What's wrong with this?
Why should there in fact exist such a chain starting from $1$ and reaching all the way up to $m$? This uses an assumption about $\mathbb{N}$, which is ... exactly the well-ordering principle (or something equivalent to it).
This can feel very slippery at first. I think the best way to clarify the situation is to look at a structure which is like the natural numbers except for induction. Since induction fails in such a structure, there must be something special about the natural numbers which lets us prove that induction holds of them.
Specifically, I want to look at a discrete ordered semiring with a simple failure of induction. Here's an example I quite like:
Consider the set $\mathfrak{X}$ of polynomials in a single variable $t$ with integer coefficients, which are either zero or have positive leading term.
There are obvious notions of addition and multiplication of elements of $\mathfrak{X}$ (just the usual operations on polynomials). Moreover, $\mathfrak{X}$ carries a natural ordering: we set $p<q$ iff $\lim_{a\rightarrow \infty}p(a)<\lim_{a\rightarrow\infty}q(a)$. (It's a good exercise to give an equivalent definition of this ordering in terms of coefficients alone.) This turns $\mathfrak{X}$ into a discrete ordered semiring, just like $\mathbb{N}$.
However, induction fails in $\mathfrak{X}$: consider for example the property
$P(a)\equiv$ "For every $b<a$ there is some $c$ such that either $c+c=b$ or $c+c+1=b$."
That is, "Every number $<a$ is either even or odd." In any discrete ordered semiring whatsoever this is trivially satisfied by $0$ and satisfies $\forall x(P(x)\rightarrow P(x+1))$. However, $\forall x(P(x))$ is not true in $\mathfrak{X}$: consider the monomial $t$.
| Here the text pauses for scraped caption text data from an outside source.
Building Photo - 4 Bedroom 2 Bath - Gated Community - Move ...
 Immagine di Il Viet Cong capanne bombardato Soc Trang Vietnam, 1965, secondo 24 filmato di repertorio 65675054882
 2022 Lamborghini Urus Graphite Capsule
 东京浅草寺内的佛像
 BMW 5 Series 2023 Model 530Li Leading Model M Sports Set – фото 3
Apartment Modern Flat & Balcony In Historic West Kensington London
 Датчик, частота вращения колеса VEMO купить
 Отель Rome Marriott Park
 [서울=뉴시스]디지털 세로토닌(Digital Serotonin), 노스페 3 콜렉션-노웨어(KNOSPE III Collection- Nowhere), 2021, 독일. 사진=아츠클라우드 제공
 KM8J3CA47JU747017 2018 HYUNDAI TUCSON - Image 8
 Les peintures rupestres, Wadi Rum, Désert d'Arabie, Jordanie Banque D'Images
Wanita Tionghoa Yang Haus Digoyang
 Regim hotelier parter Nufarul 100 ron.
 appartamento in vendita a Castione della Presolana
So there is something special about $\mathbb{N}$ which doesn't come from its discrete ordered semiring structure alone but needs to be considered separately, and this is exactly captured by the well-ordering principle. Put another way:
Since induction holds in $\mathbb{N}$ but fails in $\mathfrak{X}$, any argument that induction holds in $\mathbb{N}$ must use some property of $\mathbb{N}$ which doesn't hold of $\mathfrak{X}$. This is what the well-ordering principle provides us.